El sonido del invierno

Te hablaré de las despedidas, del silencio, a eso suenan mis inviernos, al menos los últimos... Pero al final de este que compartimos hay un calor dormido, una esperanza que late a escondidas despertando una luz aún por descubrir.
Así que a eso me suena el invierno: a latidos inquietos después de un largo silencio.

¿Qué pesa más, una roca o un corazón entristecido?

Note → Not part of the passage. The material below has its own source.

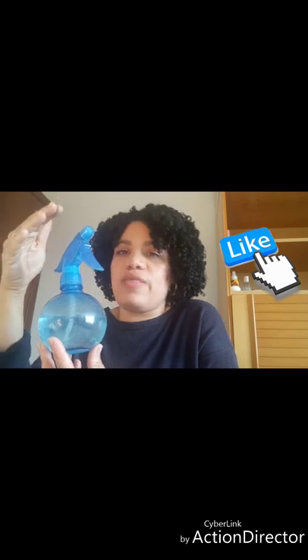Pero cuidado, que no a todos los pelos les gusta el agua mezclada. Porque por ejemplo, a mí, solo el agua me va muy bien, pero si le mezclo con aceite o con acondicionador, como que se me pone muy grande. Así que ojo con eso. El pelo, la textura influye mucho: con aceite, sin aceite, con esto, no funciona a todas. Pero sí, el agua yo se lo recomiendo. Tú conoces tu pelo y sabes lo que le gusta.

La roca, ese compuesto mineral de formas caprichosas, mantiene el peso a pesar del transcurso del tiempo.
El corazón entristecido, ese órgano musculoso y cónico, soporta el peso de la tristeza a pesar del dolor que no cesa.
Pero, ¿y si el dolor encallara? ¿Pesarían ambas igual? ¿Se transformaría el corazón en piedra?

miércoles, 25 de enero de 2012

Querido mío

Escribir sobre lo que siento siempre es más fácil si lo disfrazo de cuento, de versos,
de un simple pensamiento...

Decir lo que siento es mucho más complejo. Abrir la boca, liberar los sentimientos con mi voz pequeña me hace sentir ínfima, vulnerable.

¿Realmente es necesario? Pronunciar un «te quiero» es más complicado que seguir viviendo. Porque cuando tantas veces lo has dicho contra las paredes y al revotar ha vuelto diluido, te olvidas de decirlo.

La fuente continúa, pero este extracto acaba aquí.